598 P.2d 938 | Alaska | 1979

OPINION

BURKE, Justice.

This is an appeal by the state from an order of the superior court dismissing a burglary indictment. See AS 22.05.010; Rule 5, Alaska R.App.P. The court’s dismissal was based upon its conclusion that the language of the indictment failed to charge the defendants with sufficient particularity to enable them to prepare their defense. See Price v. State, 437 P.2d 330, 331-32 (Alaska 1968); Adkins v. State, 389 P.2d 915, 916 (Alaska 1964). We reverse.

AS 11.20.080 provides, in pertinent part, that one is guilty of the crime of burglary in a dwelling if he or she “breaks and enters a dwelling house with intent to commit a crime in it . . Appellees, Tom and Robert Van Brocklin, were indicted for a violation of that statute by an *939indictment charging that they did “break and enter a dwelling house . . . with intent to commit the crime of assault therein.” Because the indictment failed to specify any particular kind or degree of assault, the superior court concluded that it was fatally defective, citing as authority our own decision in Adkins v. State, 389 P.2d 915 (Alaska 1964), and that of the United States Court of Appeals, District of Columbia Circuit, in United States v. Thomas, 144 U.S.App.D.C. 44, 444 F.2d 919 (1971).

In Adkins, we held that an indictment charging a violation of AS 11.20.080 is fatally defective if it fails to “specify by name the ulterior crime which it is alleged the accused intended to commit.” 389 P.2d at 916 (footnote omitted). In Thomas the United States Court of Appeal reached a similar conclusion. 144 U.S.App.D.C. at 46-7, 444 F.2d at 921-22. However, both of those cases are distinguishable from the case at bar. The indictment in Adkins alleged only that the accused broke and entered a dwelling house “with intent to commit a crime therein.” 389 P.2d at 915. In Thomas, the indictment alleged an “intent to commit [a] criminal offense therein.” 144 U.S.App.D.C. at 45, 444 F.2d at 920. In neither case was any particular kind of offense designated. In the case at bar, on the other hand, the indictment specified that the accused acted with the intent to commit a particular crime, namely, “assault.”

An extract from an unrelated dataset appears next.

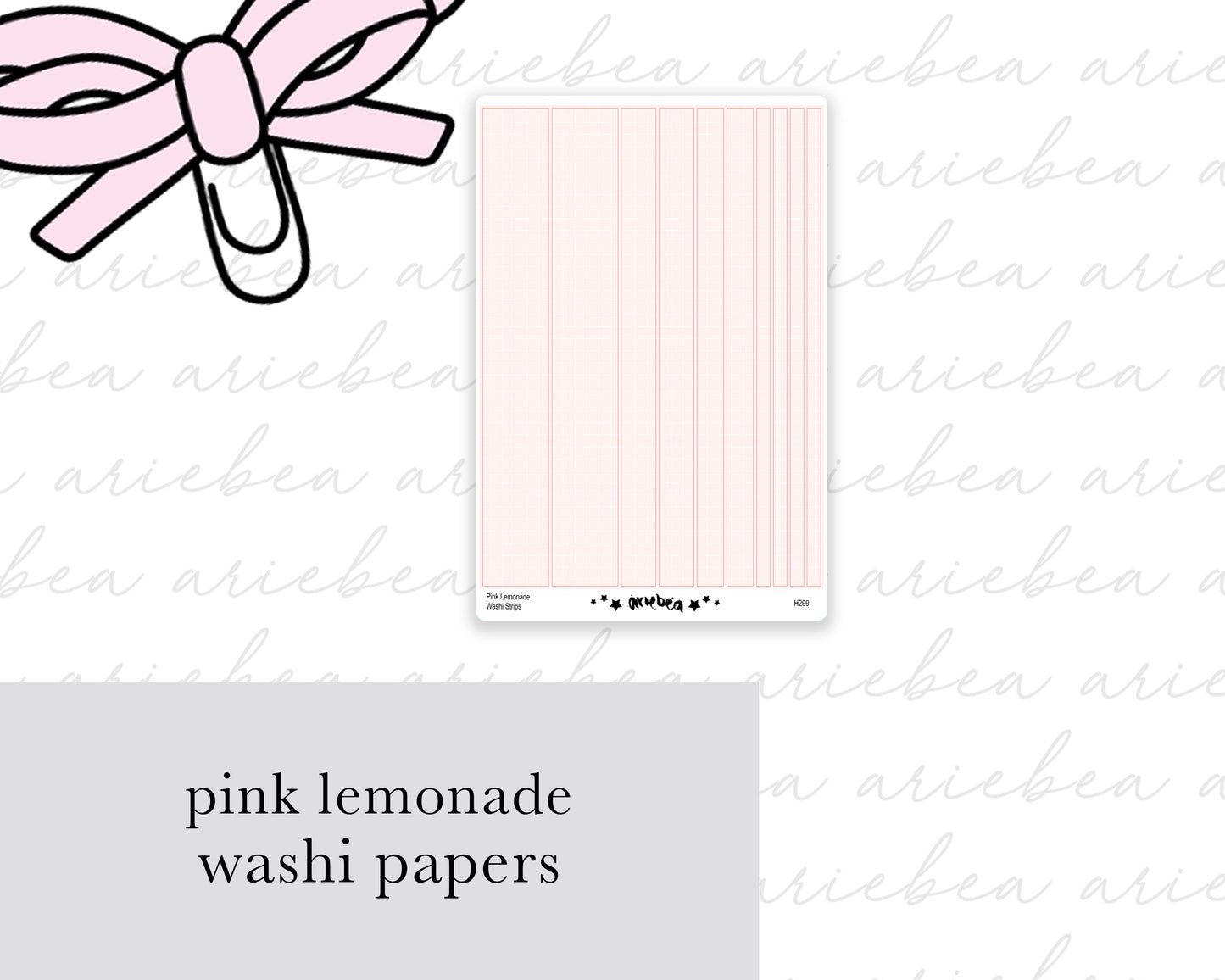 Pink Lemonade Full Mini Kit (4 pages)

As noted by the superior court, there are numerous forms of assault described in Alaska’s criminal code. E. g., AS 11.15.160 (assault with intent to kill or commit rape or robbery), AS 11.15.190 (assault while armed), AS 11.15.220 (assault with a dangerous weapon), AS 11.15.230 (assault and assault and battery). For that reason, the court concluded that the defendants had not been adequately apprised of the charge against them and dismissed the indictment. We believe however, that for purposes of charging a violation of AS 11.20.080, an allegation that the entry was made with intent to commit an “assault” is sufficiently informative to pass muster.1 Thus, we conclude that the superior court erred in ordering the indictment dismissed.

REVERSED and REMANDED, with instructions to the superior court to reinstate the indictment.

. An intent to commit a simple assault, under AS 11.15.230, will suffice to support a burglary charge. And a simple assault is necessarily committed as a part of the other more serious assault offenses. Thus, we conclude that the superior court erred in ordering the indictment dismissed. Cf. Peterson v. State, 562 P.2d 1350, 1367 (Alaska 1977) (indictment need not state specific theory by which defendant was alleged to have committed murder).